Flesner v. Youngs Development Co.

Decision Date16 November 1990
Docket NumberNo. 5-89-0531,5-89-0531
Citation563 N.E.2d 1097,205 Ill.App.3d 636
Parties, 150 Ill.Dec. 970 E.H. FLESNER; Annette Flesner Douglas a/k/a Annetta E. Douglas, Individually and as Administrator De Bonis Non of the Estate of Henry J. Flesner, Deceased, and as Executrix of the Estate of Anna M. Flesner, Deceased; Gertrude Flesner Waterbury; Mildred Flesner Ogle; \Hanna I. Crane; Reino C. Lanto; John Gadau; and Arthur M. Lerner, Plaintiffs-Appellees, v. YOUNGS DEVELOPMENT COMPANY, a partnership; C. James Youngs; and Darwin Youngs, Defendants-Appellants.
CourtUnited States Appellate Court of Illinois

Richard F. Record, Jr. and Paul R. Lynch of Craig & Craig, Mount Vernon, for defendants-appellants.

John Gadau of Zimmerly, Gadau, Selin & Otto, Champaign, and Reino C. Lanto of Wilson & Lanto, P.C., Rantoul, for plaintiffs-appellees.

Justice CHAPMAN delivered the opinion of the court:

Plaintiffs initially filed this claim in the United States District Court on May 7, 1981, and it was dismissed on November 12, 1981, for want of jurisdiction.

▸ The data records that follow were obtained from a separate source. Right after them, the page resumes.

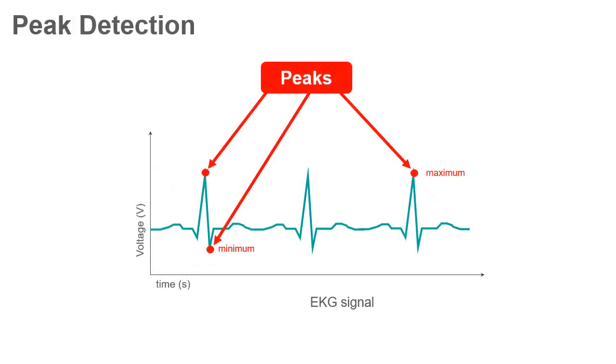Peak detection is one of the most important time domain functions performed in signal monitoring. It is the process of finding the locations and amplitudes of local maxima and minima in a signal that satisfies certain properties.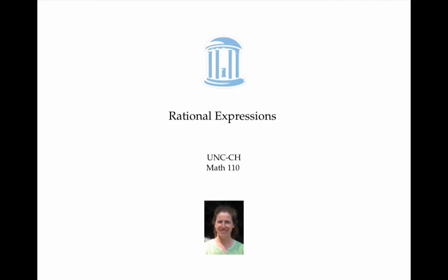This video is about working with rational expressions. A rational expression is a fraction usually with variables in it, something like x plus two over x squared minus three.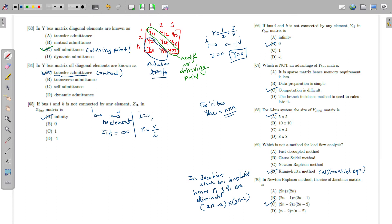When two buses are not connected, the current between them is zero. Since impedance Z = V/I and current is zero, the impedance is infinity. Therefore, the admittance Y = 1/Z = I/V is also zero. So the off-diagonal Y bus element for unconnected buses is zero.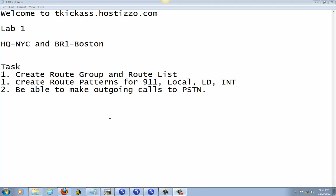Welcome to tkgast.hostissel.com. We are still doing lab 1, working on headquarter and branch 1. From the previous lab, we already set up region codec for the two sites. We also have the phone register to call manager. For this lab, the task is we are going to create the route group and route list, create route patterns for 911 call, local call, long distance call, and international call, and be able to make outgoing calls to PSTN. Alright, let's get started.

Plaintiffs refiled in the circuit court of Jefferson County, Illinois, on April 22, 1982, and on December 17, 1986, over defendants' objection, the trial court allowed plaintiffs to take a voluntary dismissal.

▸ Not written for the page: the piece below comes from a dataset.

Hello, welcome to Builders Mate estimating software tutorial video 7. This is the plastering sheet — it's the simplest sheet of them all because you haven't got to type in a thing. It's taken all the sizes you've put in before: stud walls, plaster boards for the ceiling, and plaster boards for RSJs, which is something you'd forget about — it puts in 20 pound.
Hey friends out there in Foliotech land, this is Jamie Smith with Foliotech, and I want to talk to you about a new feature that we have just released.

The present litigation, the third filing against these defendants, was initiated on December 11, 1987. Defendants' motion to dismiss the claim with prejudice was allowed on October 19, 1988, but the plaintiffs' motion to reconsider based upon this court's decision in Relaford v. Kyaw (1988), 173 Ill.App.3d 1034, 123 Ill.Dec. 553, 527 N.E.2d 1328, was allowed on July 24, 1989. The trial court included a finding pursuant to Supreme Court Rule 308 (107 Ill.2d R. 308) that the ruling contained in its order involved a question of law as to which there was substantial ground for difference of opinion and that an immediate appeal might materially advance the ultimate termination of the litigation. Defendants' petition for leave to appeal was granted.

Appellant asks this court to overrule its recent decision in Relaford and to adopt instead the First District's position which is set forth in the cases of Walicek v. Ciba-Geigy Corp. (1987), 155 Ill.App.3d 667, 108 Ill.Dec. 85, 508 N.E.2d 246, and Bernstein v. Gottlieb Memorial Hospital (1989), 185 Ill.App.3d 709, 134 Ill.Dec. 20, 542 N.E.2d 20. For the reasons set forth below we decline to do so.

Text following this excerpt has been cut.